NCAE tour stop in Onslow provides school supplies, lesson in boosting morale
The Onslow County School Board will meet Wednesday to decide on transition middle and high school students back to five-day in-person learning.
JACKSONVILLE, N.C. (WITN) - It’s been a year since students were learning entirely in-person.
That could change for districts across North Carolina now that state leaders have found a compromise for the option to return to fully in-person learning.
“We’ve had to basically re-invent what we’re doing and we’ve had to do it on a dime,” said Anne Hardinger, the president for the Onslow County Association of Educators.
A statewide bus tour for the North Carolina Association of Educators’ RV made its stop in Onslow County Saturday to deliver school supplies and a much-needed lesson in boosting morale.
“Bottom line, we want to make sure that we do return to schools but that we do it safely,” said A.J. McIntryre, a field organizer for NCAE.
The Onslow County School Board will meet in a special meeting Wednesday at 10am to discuss plans to return middle and high school students to fully in-person learning.
The board already voted in the fall to transition elementary students to learning five-days a week, but hasn’t done so yet after postponing the date many times because of rising COVID levels over the winter. Those students are planned to begin that schedule next month, the same day the district is discussing beginning five-day learning schedules for the rest of the students in the district.
“More than likely what will happen is that we’re going to have that transition probably happen on the sixth of April,” said School Board Chair Bob Williams. “I think that’s the first school day back after spring break.”
It’s an exciting thought, educators said, but only if it’s done safely.
“We are ready to go back five days,” said Hardinger. “One thing that we are very concerned about at the elementary level is planning time. In order to teach our students well, we have to have planning and prep time.

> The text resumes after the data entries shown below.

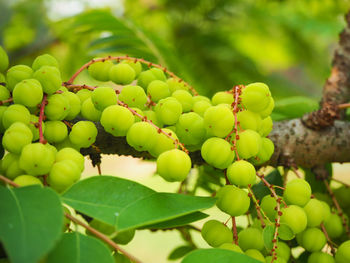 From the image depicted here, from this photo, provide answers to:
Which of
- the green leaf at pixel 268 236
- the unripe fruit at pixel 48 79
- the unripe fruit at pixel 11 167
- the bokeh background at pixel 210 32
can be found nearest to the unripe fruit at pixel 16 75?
the unripe fruit at pixel 48 79

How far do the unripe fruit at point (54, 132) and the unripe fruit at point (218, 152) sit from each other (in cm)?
24

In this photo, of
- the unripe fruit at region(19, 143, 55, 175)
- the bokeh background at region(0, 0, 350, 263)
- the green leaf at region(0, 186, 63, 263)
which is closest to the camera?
the green leaf at region(0, 186, 63, 263)

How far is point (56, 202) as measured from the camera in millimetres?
Answer: 513

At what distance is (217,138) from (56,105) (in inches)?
10.8

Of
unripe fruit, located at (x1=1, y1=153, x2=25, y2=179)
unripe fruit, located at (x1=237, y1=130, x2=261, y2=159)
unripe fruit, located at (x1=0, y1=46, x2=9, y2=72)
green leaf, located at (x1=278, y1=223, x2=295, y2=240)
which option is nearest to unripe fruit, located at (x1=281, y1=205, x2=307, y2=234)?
green leaf, located at (x1=278, y1=223, x2=295, y2=240)

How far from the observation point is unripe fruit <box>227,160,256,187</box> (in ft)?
2.13

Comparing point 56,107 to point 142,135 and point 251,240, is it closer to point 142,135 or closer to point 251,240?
point 142,135

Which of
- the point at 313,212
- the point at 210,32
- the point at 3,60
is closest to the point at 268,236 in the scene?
the point at 313,212

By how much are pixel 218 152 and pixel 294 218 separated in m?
0.18

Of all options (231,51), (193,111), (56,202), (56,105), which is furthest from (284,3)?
(56,202)

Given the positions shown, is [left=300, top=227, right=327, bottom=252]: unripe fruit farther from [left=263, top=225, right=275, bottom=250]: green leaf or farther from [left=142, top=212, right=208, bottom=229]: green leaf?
[left=142, top=212, right=208, bottom=229]: green leaf

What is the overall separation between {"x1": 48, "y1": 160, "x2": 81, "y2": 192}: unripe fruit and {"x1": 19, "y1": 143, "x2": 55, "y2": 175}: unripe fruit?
11 millimetres

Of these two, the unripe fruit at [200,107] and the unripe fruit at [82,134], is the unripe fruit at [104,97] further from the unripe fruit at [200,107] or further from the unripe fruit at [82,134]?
the unripe fruit at [200,107]

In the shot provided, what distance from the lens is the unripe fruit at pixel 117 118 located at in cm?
66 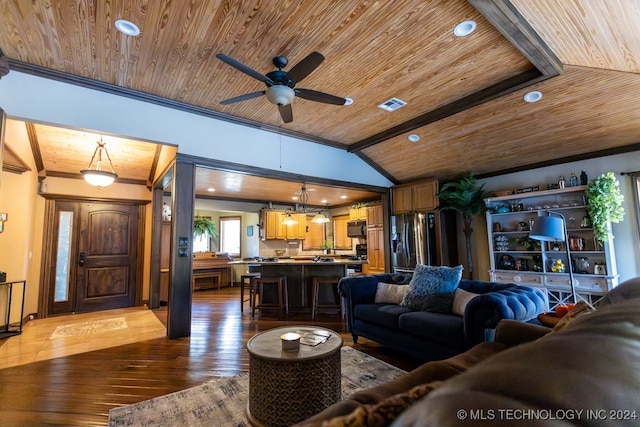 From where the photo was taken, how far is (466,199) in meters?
5.41

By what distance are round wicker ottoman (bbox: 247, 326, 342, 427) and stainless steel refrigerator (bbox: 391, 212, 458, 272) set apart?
14.4ft

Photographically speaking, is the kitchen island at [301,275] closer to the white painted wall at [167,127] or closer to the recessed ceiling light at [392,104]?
the white painted wall at [167,127]

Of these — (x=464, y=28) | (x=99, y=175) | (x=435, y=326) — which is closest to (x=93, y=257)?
(x=99, y=175)

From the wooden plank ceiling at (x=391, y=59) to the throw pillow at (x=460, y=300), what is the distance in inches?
96.8

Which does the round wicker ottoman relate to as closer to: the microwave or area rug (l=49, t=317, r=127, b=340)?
area rug (l=49, t=317, r=127, b=340)

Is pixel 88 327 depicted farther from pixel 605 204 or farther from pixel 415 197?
pixel 605 204

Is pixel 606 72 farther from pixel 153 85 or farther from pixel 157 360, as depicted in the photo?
pixel 157 360

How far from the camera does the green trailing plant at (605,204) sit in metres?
4.04

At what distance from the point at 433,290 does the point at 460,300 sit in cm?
28

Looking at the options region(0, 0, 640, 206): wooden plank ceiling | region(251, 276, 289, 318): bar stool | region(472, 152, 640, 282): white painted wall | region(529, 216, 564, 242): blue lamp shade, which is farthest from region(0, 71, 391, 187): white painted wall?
region(529, 216, 564, 242): blue lamp shade

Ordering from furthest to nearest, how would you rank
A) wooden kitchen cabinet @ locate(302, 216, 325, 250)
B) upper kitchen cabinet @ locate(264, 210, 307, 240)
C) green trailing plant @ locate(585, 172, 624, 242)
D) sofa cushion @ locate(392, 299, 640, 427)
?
1. wooden kitchen cabinet @ locate(302, 216, 325, 250)
2. upper kitchen cabinet @ locate(264, 210, 307, 240)
3. green trailing plant @ locate(585, 172, 624, 242)
4. sofa cushion @ locate(392, 299, 640, 427)

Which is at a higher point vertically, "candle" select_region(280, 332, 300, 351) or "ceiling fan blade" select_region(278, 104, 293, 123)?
"ceiling fan blade" select_region(278, 104, 293, 123)

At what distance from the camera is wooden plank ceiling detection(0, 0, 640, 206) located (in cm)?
247

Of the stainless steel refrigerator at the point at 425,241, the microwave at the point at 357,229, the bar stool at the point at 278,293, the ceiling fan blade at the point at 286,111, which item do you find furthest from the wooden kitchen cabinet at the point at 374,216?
the ceiling fan blade at the point at 286,111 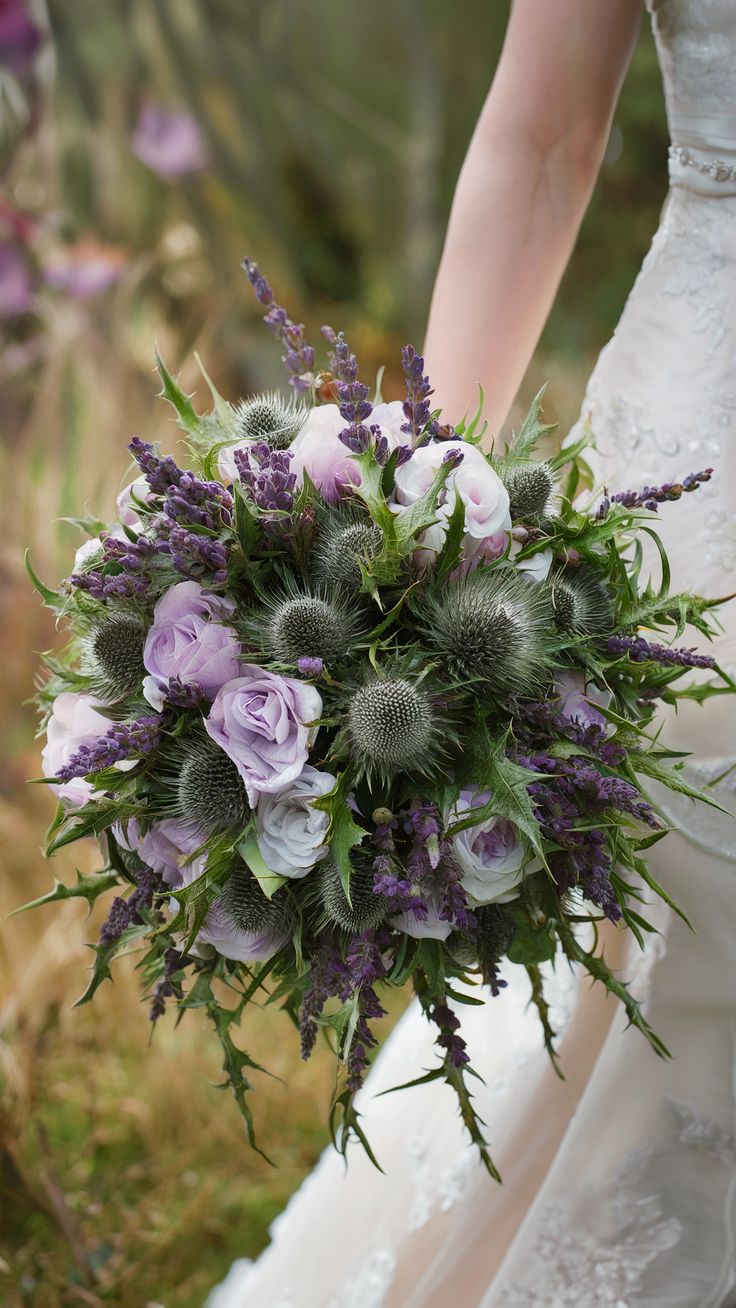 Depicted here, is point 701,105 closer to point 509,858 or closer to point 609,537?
point 609,537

And right now, we have very little of it.”
If the board does move to return to fully in-person learning for the entire district, teachers can do so with a sense of comfort, they added. The state association of educators pushed hard for teachers to be given priority for the vaccine, and they got their wish. Educators were made eligible for the vaccine as of last month.
“It really is a load off your shoulders when you don’t have to constantly worry about taking it home to your family,” said Hardinger.